Halteverbote werden von Autofahrern vor allem in Lieferzonen nicht immer als solche erkannt – wie der folgende Fall aus Feuerbach zeigt. Doch stellt ein Fahrer sein Auto auf einer eingezeichneten Parkfläche ab, muss er sich vergewissern, ob er nicht doch ein Verkehrszeichen übersehen hat.

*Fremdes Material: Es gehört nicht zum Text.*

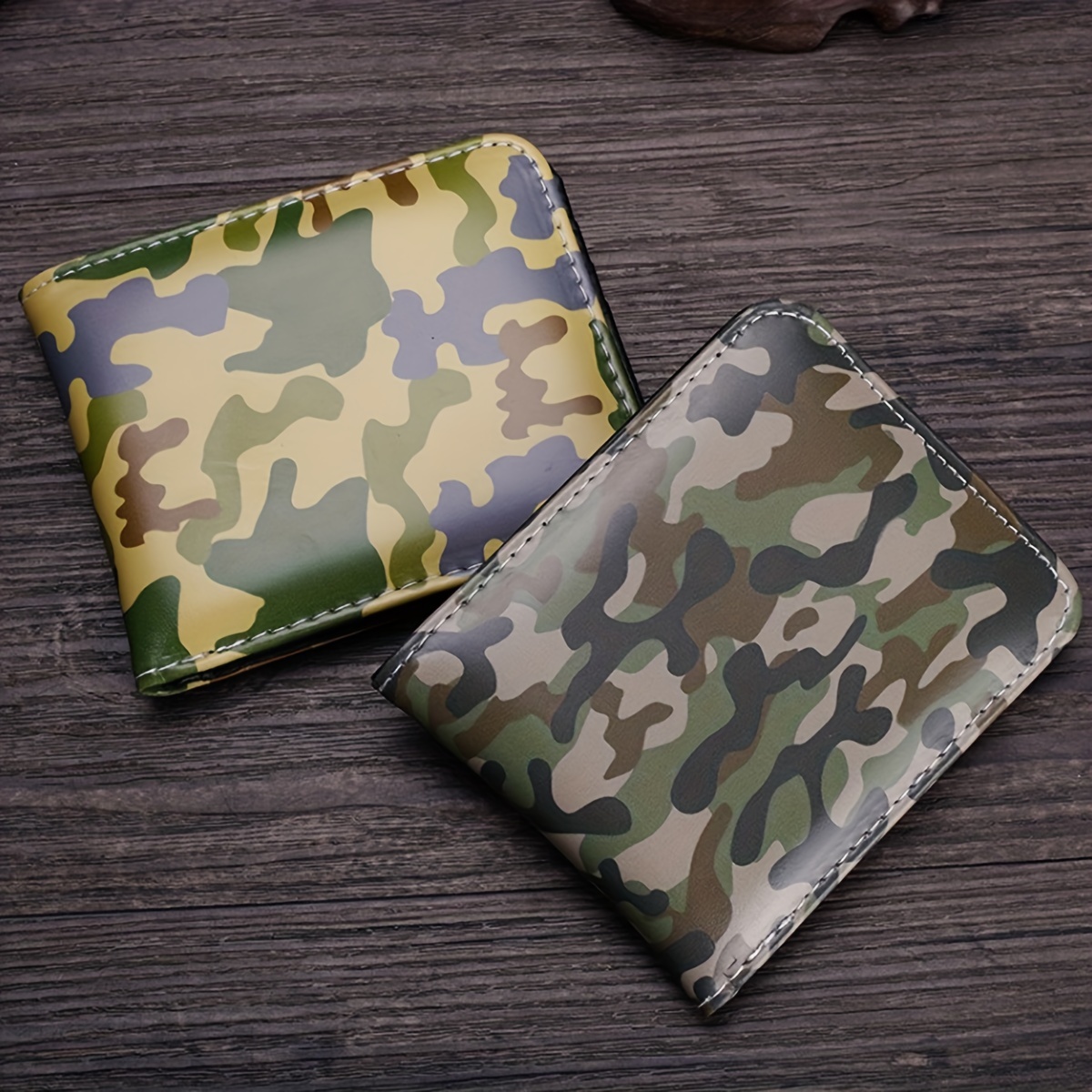 billetera moda estampado camuflaje hombres corta plegable Temu Peru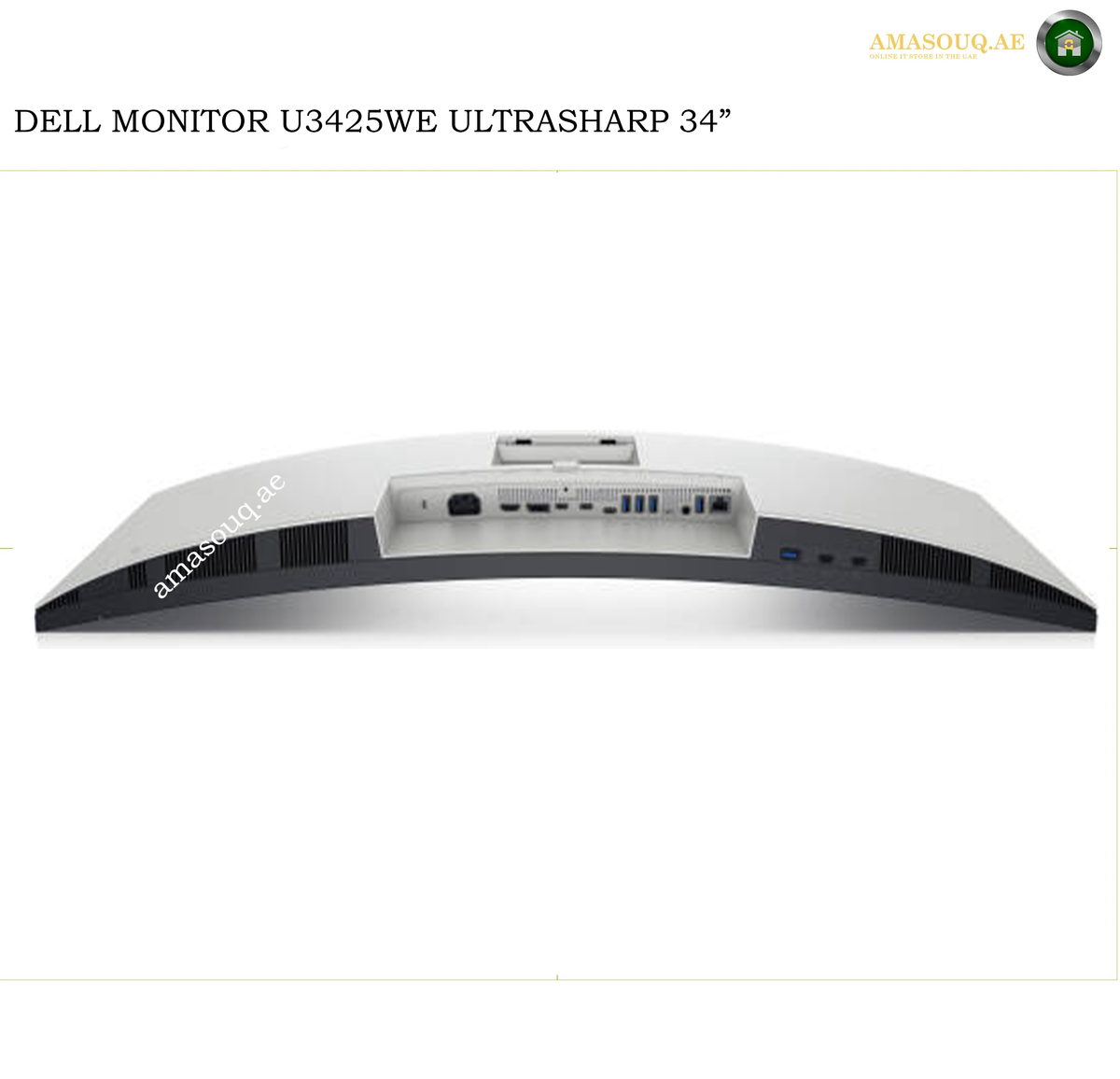 Dell U3425WE Thunderbolt 4 90W Power Delivery Monitor. Dell monitor U3425WE ultrasharp 34-inch display shown from the back on a white background, with port connectivity visible on the rear panel.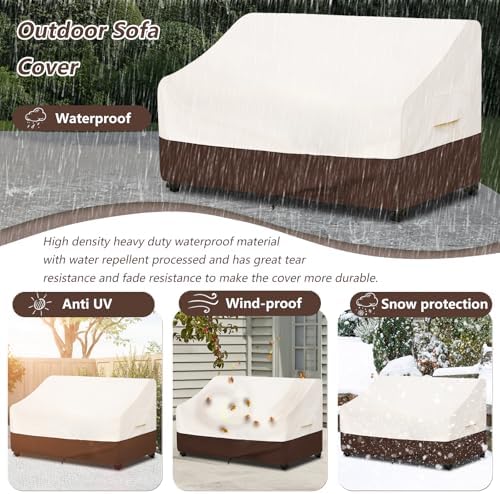 Bitubi Waterproof Patio Sofa Cover, Heavy Duty 3-Seater Outdoor Couch Cover - Image 7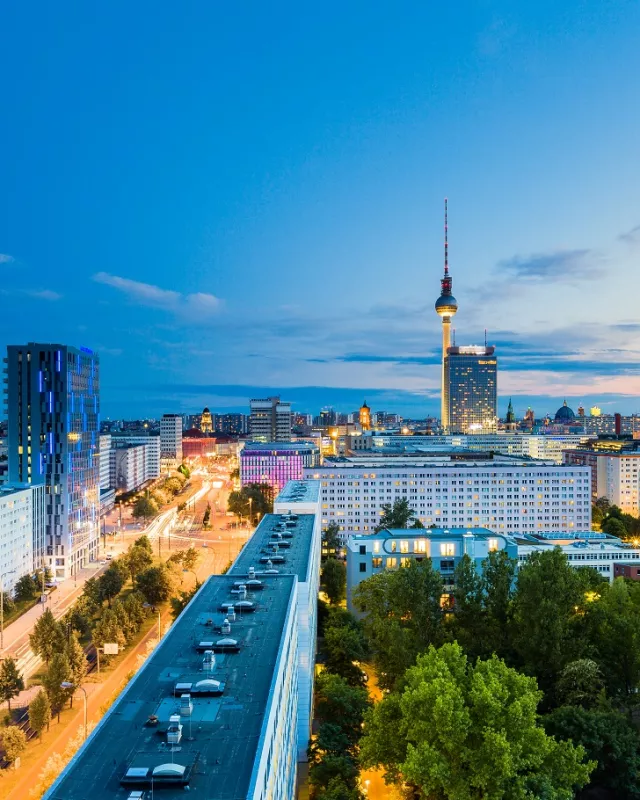 Berlin Modern Summer Night Skyline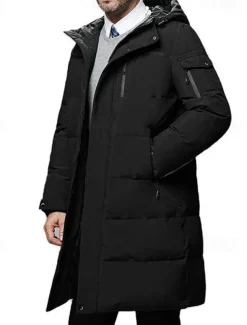 Men's Winter Coat Down Jacket Puffer Jacket Cardigan Long Daily Wear Vacation To-Go Casual / Daily Winter Solid / Plain Color Black Green Gray Puffer Jacket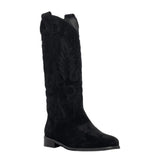 Stivali camperos in camoscio nero con ricamo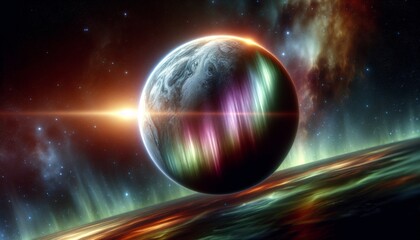 rogue planet with aurora in space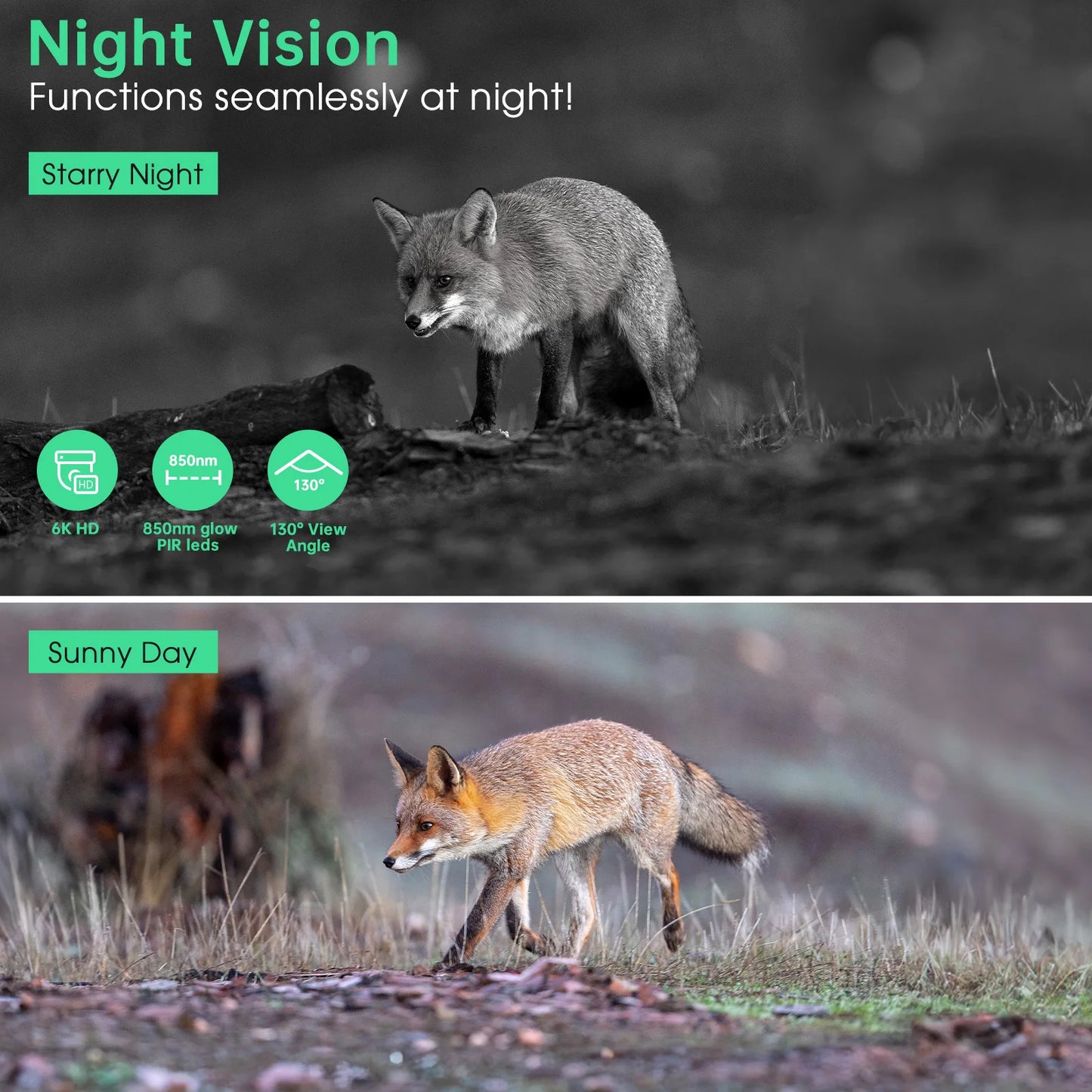 4K Solar Trail Camera, 48MP WiFi Trail Camera with Night Vision 0.2s Trigger Motion Activated, Game Camera with 130° Detec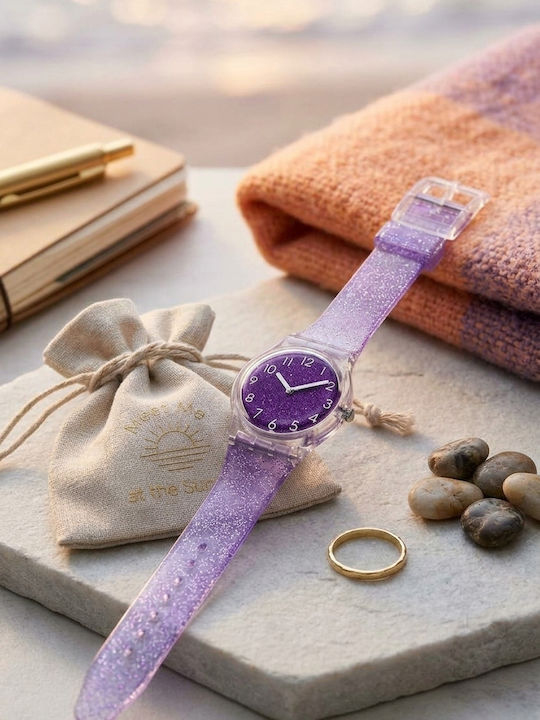 Women's Watch 33mm Battery-Powered with Purple Silicone Strap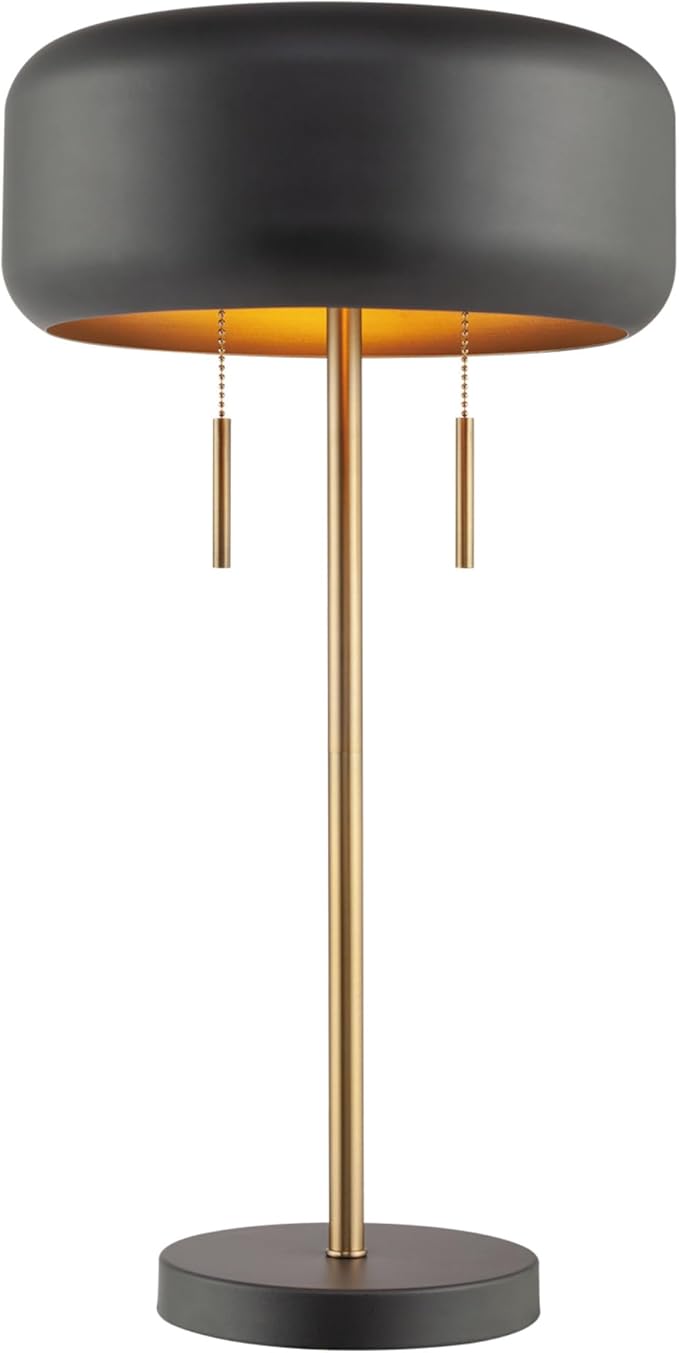 GLOBE GLOBE Electric x Novogratz 67347 22" 2-Light Table Lamp, Metallic Dark Gray, Dual Pull Chain Switch, Modern Lighting for Bedroom or Office, Ambient Home Decor, Nightstand Essential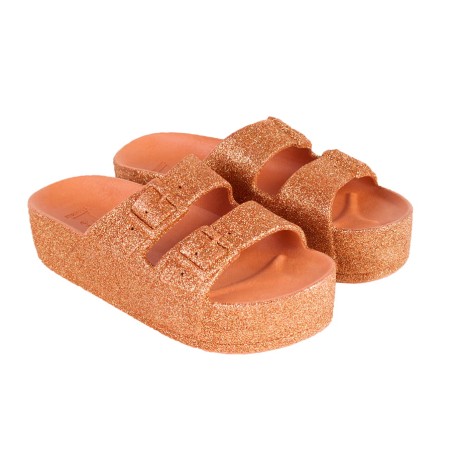 sandale à paillette orange compensée femme vue de trois quart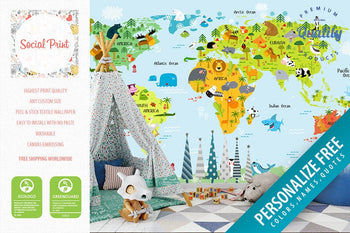 Blue Nursery Animal World Map Peel & Stick Wallpaper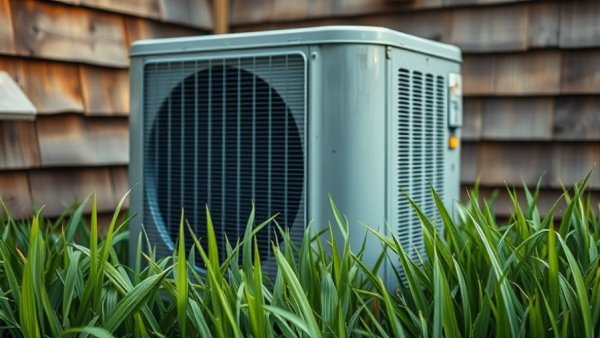 Outdoor AC unit with greenery, R-410A installations relief.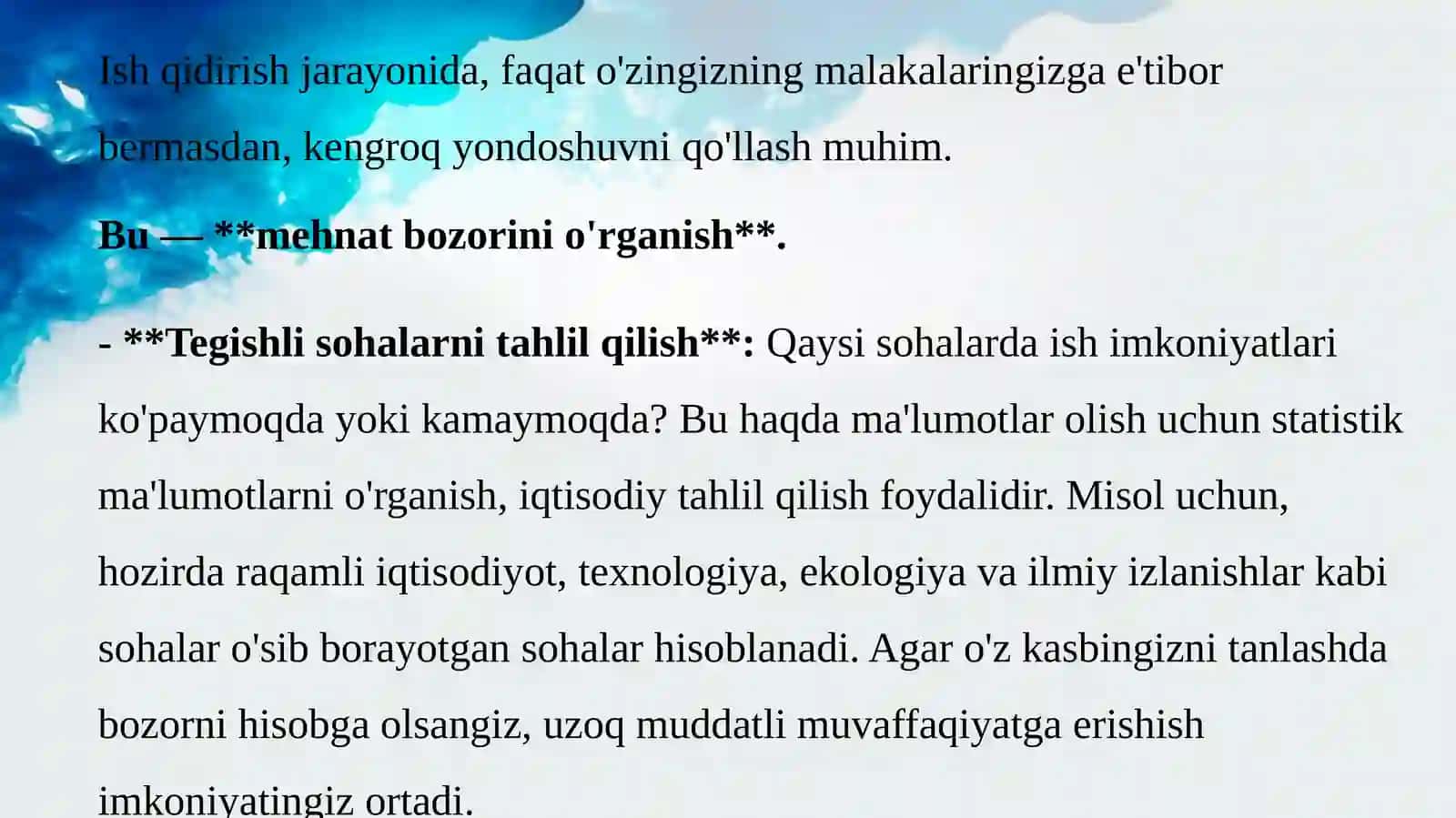 Mehnat bozoriga kirib borish 2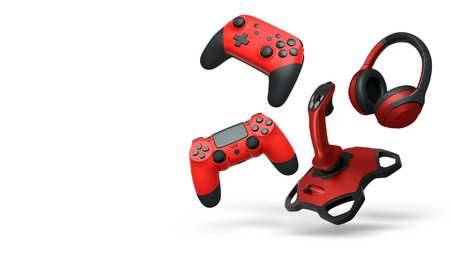 Floating gaming accessories like controllers, joystick, and headphones isolated on white background...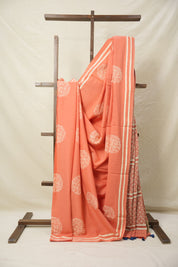 Peach-Pink HBP Cotton Saree - SRPPCS3035
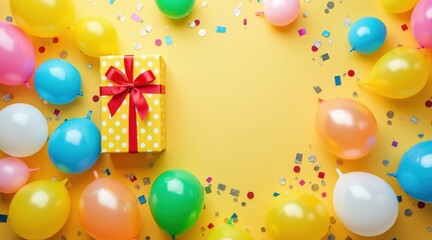 Bright birthday celebration with balloons and gift box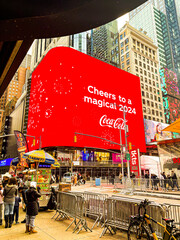 Coca-Cola Ad in Times Square on New Years Day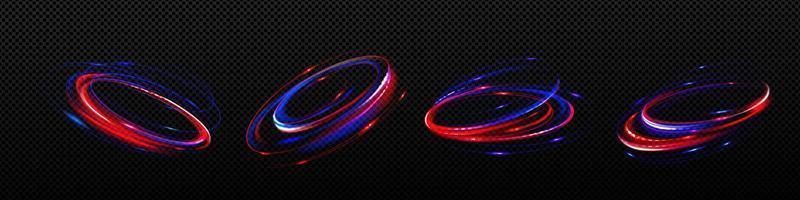 Light motion effect, circle trails of glow vector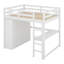 Lit mezzanine double en bois avec tablettes de rangement à 2 niveaux, 3 tiroirs, garde-robe intégrée et bureau-242881842
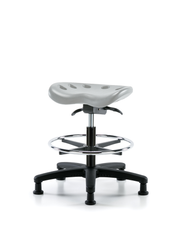 Polyurethane Tractor Sit-Stand Stool - Medium Bench Height with Chrome Foot Ring & Stationary Glides in Gray Polyurethane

Stuttgarter Norden - „Das kann doch gar nicht sein“, denkt sich Helga Gerlach. Als die 77-jährige Feuerbacherin nach einigen Besorgungen und Einkäufen im Ortskern zurück zu ihrem geparkten VW Golf nahe der Ecke Stuttgarter Straße/Untere Querstraße kommt, klemmt da ein Strafzettel unter dem Scheibenwischer an ihrer Windschutzscheibe. Sie ist sich keines Fehlverhaltens bewusst, steht ihr Auto doch am Straßenrand bei dem dortigen Drogeriemarkt auf einer mit weißen Streifen ausgewiesenen Fläche. „Fährt man die Stuttgarter Straße Richtung Bahnhof und biegt in die Untere Querstraße ein, sind gleich vorne zwei Parkplätze eingezeichnet – und gleich daneben steht ein Parkscheinautomat“, berichtet sie. Sie zieht für 1,40 Euro ein Ticket und legt den Zettel gut sichtbar auf die Armatur. Einen Strafzettel bekommt sie während ihrer Abwesenheit dennoch – 15 Euro fürs Parken im eingeschränkten Halteverbot.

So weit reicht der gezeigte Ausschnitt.